Fragmented Windows Lesson now back again
Now that I'm back from my vacation, I'm getting more and more requests for older lessons to be passed to the new video shop. I had several requests for this one to be brought back, so here it is!
Fragments and Deep Shading
This is the perfect lesson for those who wonder about “Fragments”. What is that all about? That is Zentangle's name for the “basic repeating unit of a pattern” (admittedly, fragments is a far better name). Repeating patterns must, well, repeat, right? The way they repeat is the key — and this lesson explores that potential in this beautiful dimensional design.

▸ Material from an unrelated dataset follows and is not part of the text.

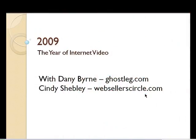This is Cindy Chevley from Web Seller Circle, and we're going to talk about eBay or internet video today. I'm officially dubbing this year, coming up 2009, the year of internet video, and I have asked Dani Byrne from GhostLeg Media to come join us. She is going to be the resident expert on Web Seller Circle.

This lesson is not as complex as it seems, but it has a lot of potential. The use of a “window-style” reticulum (ok, another work that is used by Zentangle, to describe the framework where the fragments fit into), makes this the perfect example for those who want to start learning about fragments and reticula (plural of reticulum).
The easiest way to understand fragments is to really play with them and I'll show you how in this lesson as well. Rotating, mirroring and displacing the fragments creates enormous variety of different meta-patterns (greater patterns).
The lesson doesn't stop with fragments, it also covers how to shade this fun project to form a SUPER 3-dimensional effect. You'll be shocked at how dimensional it turns out, all through careful placement and understanding of directional shadows.
What I like about this lesson is that you can create a whole bunch of these tiles to form a larger mosaic, each one different — but in the same style — as the other. This is why this lesson has become a favorite amongst CTZs (Certified Zentangle Teachers) who enjoy teaching this lesson live to their students as an introduction to fragments. (Yes, I do allow CZTs to teach this lesson live and in person — not electronically, as long as they give me credit and use their own materials).